:: Problem requirements ::
In the listing that follows, find the line with "アパート Drakontis", then copy exactly from it through the line with "Brushpot scolpito in", leaving out every picture.
*** Opening Entries shown ***
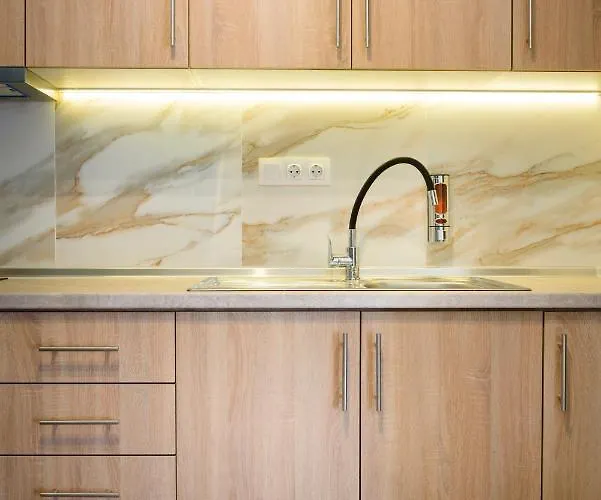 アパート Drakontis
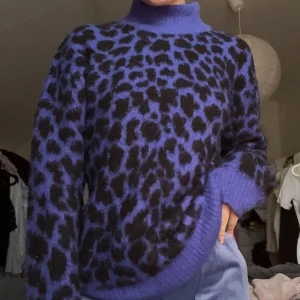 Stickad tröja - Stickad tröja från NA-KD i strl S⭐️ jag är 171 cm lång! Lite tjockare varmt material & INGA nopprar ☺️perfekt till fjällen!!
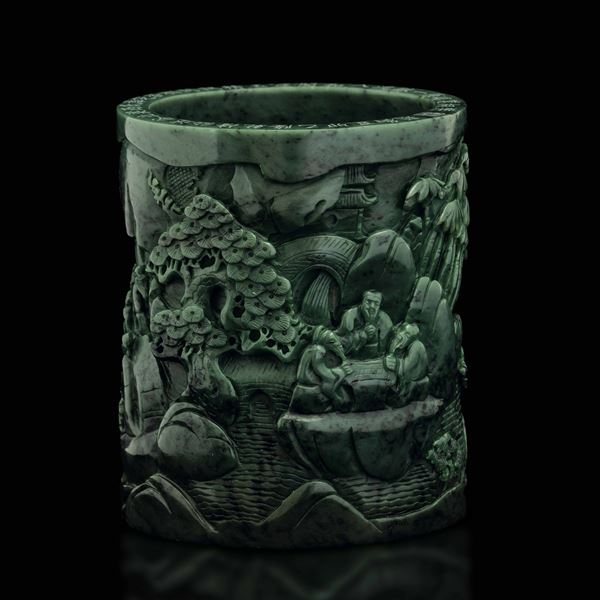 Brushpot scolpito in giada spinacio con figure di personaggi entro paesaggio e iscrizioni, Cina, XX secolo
*** Closing Entries shown ***
*** Opening Entries shown ***
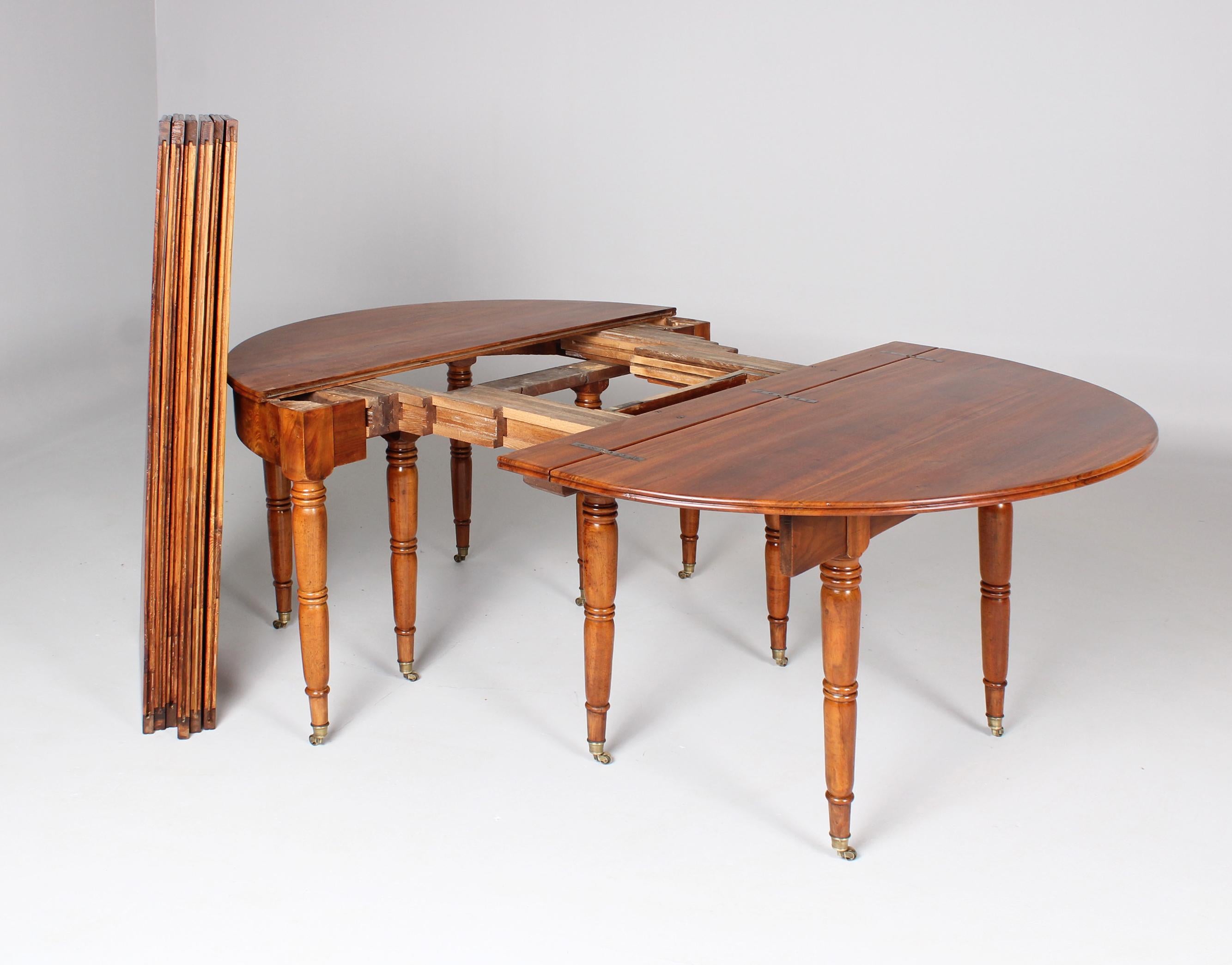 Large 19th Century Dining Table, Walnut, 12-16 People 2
*** Closing Entries shown ***
:: Answer box ::
 アパート Drakontis
 Stickad tröja - Stickad tröja från NA-KD i strl S⭐️ jag är 171 cm lång! Lite tjockare varmt material & INGA nopprar ☺️perfekt till fjällen!!
 Brushpot scolpito in giada spinacio con figure di personaggi entro paesaggio e iscrizioni, Cina, XX secolo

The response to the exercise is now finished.